Почему-то советский человек всегда и во всем винил работников торговли. Неужели они решали вопросы карточной системы или они отвечали за вечный дефицит? Но именно они были выбраны в качестве непременных персонажей всех фельетонов, иначе кого же высмеивать? Потом их даже в мирное время стали расстреливать. Извечный вопрос: кто виноват? Ясно, что не Мосторг.
Спекулянтов наказывали: за пачку махорки – пять лет тюрьмы. Столько же бабе, продававшей папиросы вроссыпь. Продававшему на рынке папиросы товарищей по заводу– 10 лет с конфискацией. Тем не менее люди наживались на слабостях других. «Сосед уныло сообщил, что купил у спекулянта за 45 рублей 100 граммов махорки в тщательно запакованном пакете. Дома обнаружил, что внутри сено. „Я чуть с ума не сошел. А может быть, и сошел“… В аптеках нельзя купить сухой ромашки и шалфея: все пошло на курево, курят череду и дубовый лист» (декабрь 1941 года). «В кино на экране актер закуривает папиросу. В зале кричат: „Оставь докурить!“».
Тамара Рудковская тогда была высокая, очень худая, почти зеленого цвета девушка: с началом войны у нее начался туберкулез. Однако в обеденный перерыв она часто с «козьей ножкой» демонстративно ходила по цеху. Самокрутка была совершенно пустая – просто кусок свернутой газеты. Рабочие сочувствовали такой молоденькой, но втянувшейся в курение даме, не забывали включить ее в список курящих на месяц: на заводе выдавали махорку – 1/8 от пачки.

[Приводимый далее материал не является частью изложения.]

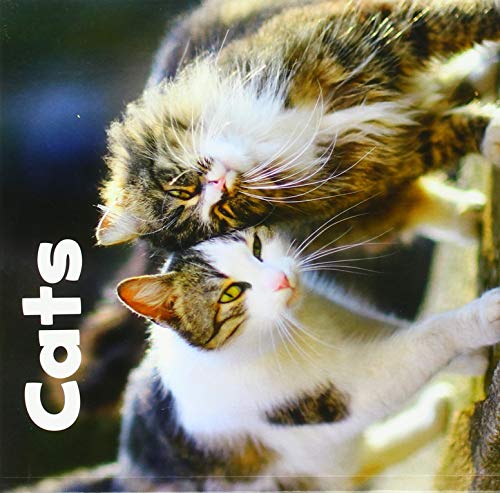 Cats (Our Pets) by Amstutz, Lisa J.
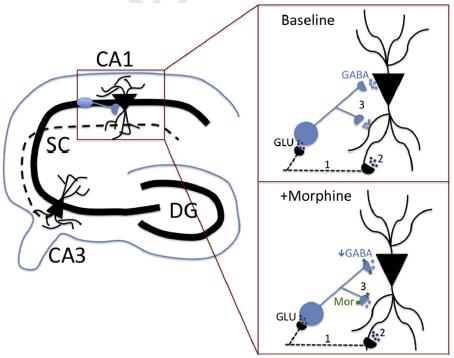 Microcircuitry in the Brain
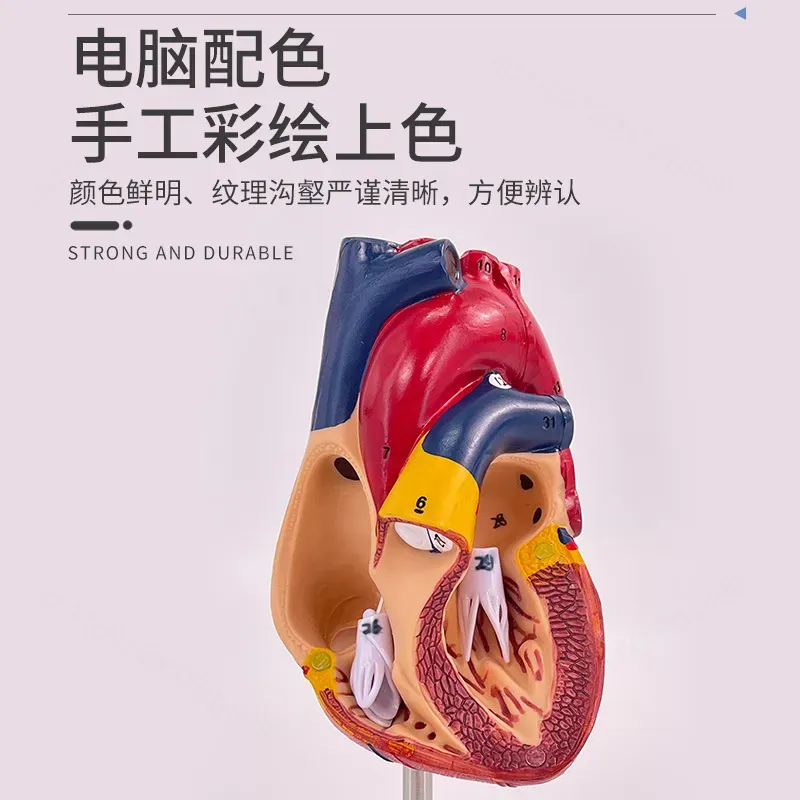 1:1 Menselijk Hart Anatomie Mo - Medical Lab Ultrasound recensie en prijs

Тамара эту махорку относила на Преображенский рынок и обменивала на молоко.
Весной 1942 года на улице нередко можно было увидеть мужчин с лупой в руках: наводя солнце на растрепанную папиросу, они ее зажигали. Или «на манер средневекового запорожца куском стали высекали из камушка искры, чтобы заставить тлеть примитивный трут, сделанный из старого бинта» (Вержбицкий).
Этот праздник москвичи отмечали, несмотря ни на что. Уже в середине декабря 1941 года нарасхват шли елочные украшения. ВЦСПС и Моссовет устраивали елки для детей в ста помещениях с концертами, подарками и встречами с красноармейцами. На улицах Москвы продавались зеленые елки из неоккупированного Подмосковья.

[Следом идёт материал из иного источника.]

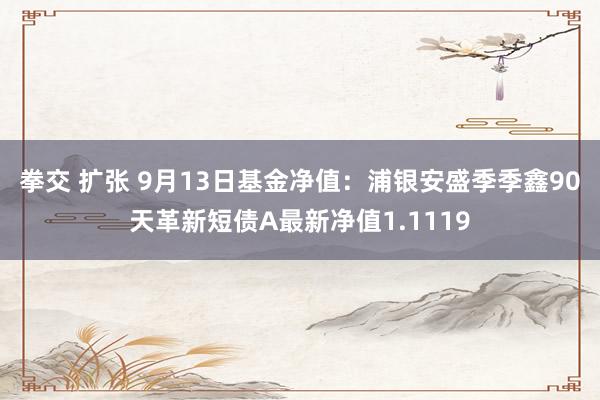 拳交 扩张 9月13日基金净值：浦银安盛季季鑫90天革新短债A最新净值1.1119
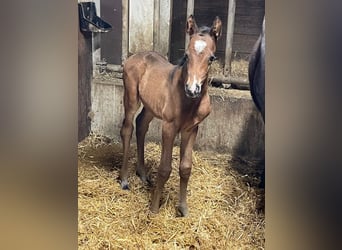 Pony tedesco, Stallone, , 147 cm, Baio scuro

Но в середине декабря 1941 года Вержбицкий записал: «А в общем, в эти дни побед и разгрома немцев под Москвой не видно особенного ликования. Радуются все очень сдержанно. Москвичи еще только начинают по-настоящему понимать, какое бедствие ожидало их и от какого несчастья они освобождены. Такие величественные события доходят до нашего чувства и до сознания, когда время несколько отодвинет их в прошлое».